The call sheet that Fry carries on Friday nights has plays grouped into various situations. There’s a section for third-down calls, second-and-medium-and-long calls and so on. Fry often scripts a block of nine plays he wants to run early in the game if conditions allow.
But that information isn’t put together at the first weekly meeting of Polk County’s coaching staff.
“Sunday is just the start of the initial game plan,” Fry said. “It’s really just jotting notes, this formation would be good, this look would be good, running to this side could be good. How do we want to attack? What part of the field is the soft spot in the passing game?
“Then when I come in on Monday, I have even more ideas because I’ve thought about it overnight. Monday is not huge in that we have to have everything installed. Tuesday morning is where I’ll come in and feel, all right, I really like this.”

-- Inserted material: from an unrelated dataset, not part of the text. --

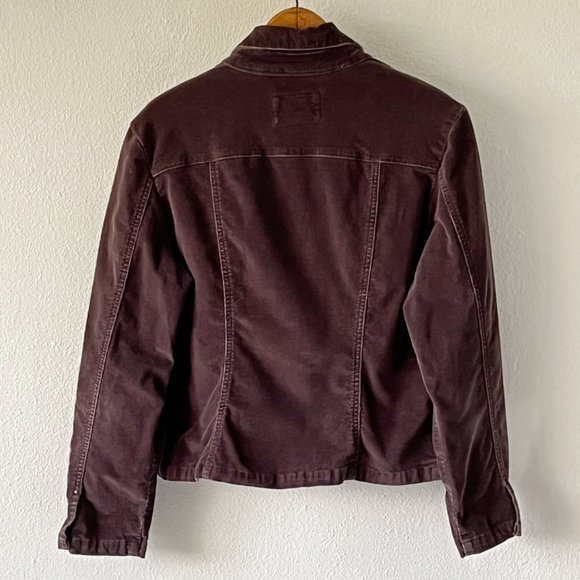 A.M.I. Dark Brown Stretch Corduroy Trucker Y2K Bohemian Blazer Jacket - Picture 5 of 12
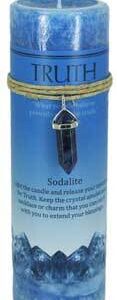 Truth pillar candle with Sodalite pendant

By the time the Wolverines have finished with Wednesday’s practice in a game week, they’ve run through short-yardage plays, goal-line plays, play-action passes – largely everything that can possibly be used on Friday night. And that’s when Fry can begin to actually put together his plan of attack.
“I put my call sheet together based on (the first three practices) because the worst thing you can do is run plays that you never practiced,” he said. “We have several carryovers that guys know it’s a staple and we may not run it in skill or you may run it once or walk through it, but it’s been in since day one of spring.
“The stuff that’s in and out of the game plan, I don’t like to just run it if we haven’t worked on it.”
On Thursday morning, call sheet complete, Fry then puts together the wristbands for Carter and others that contain the plays and codes. He also will take time to read through all the plays on the sheet with someone to make certain everything matches.
On Friday morning, Fry selects his block of nine starter plays, then it’s time to print and laminate the call sheet. Polk will often walk through those nine plays at some point Friday afternoon.
The work from Sunday to Friday in developing the game plan is handled by the coaching staff, but there are assignments for players as well. Fry often gives players a sheet of six boxes, each box devoted to a play that will be run that week.
“A lot of times those aren’t new,” he said. “It just may be a new wrinkle of how we’re running it or window dressing or hey, we’re going to run it out of this formation or we’re going to do it through this motion.
“A lot of times it’s just carryover for the (offensive) line. I don’t want to change a bunch of blocking schemes. The receivers probably get a new play or new wrinkle once a week, maybe twice earlier in the season.
“I’m at a place now where I feel like we have enough stuff in our offense that I can pull from and window dress or run the exact same play out of several different looks. Because of the way our formations are set up, I can call spread formation probably six or seven different ways, but have guys in different spots just by changing a verb or a word. We have a lot of good stuff, so let’s just keep pulling from there.”
Game nights begin and Fry will hope his nine plays produce early points. Sometimes game situations mean he has to stray from those nine plays, but he always returns to them at some point each evening. “Those were plays I liked early on, let’s come back to them,” he said.
And, hoepfully, those plays and the others on the sheet will produce yardage, points and a Polk County win.
“I enjoy the coaching and getting kids better,” Fry said. “But I enjoy the strategy and game planning. We got to do this in college, but it was in between recruiting phone calls and staff meetings and compliance meetings. And then it was 10:30 at night.
“This is definitely a part I enjoy and enjoy doing the implementation of it. And then when it works, that’s really the joy in it.”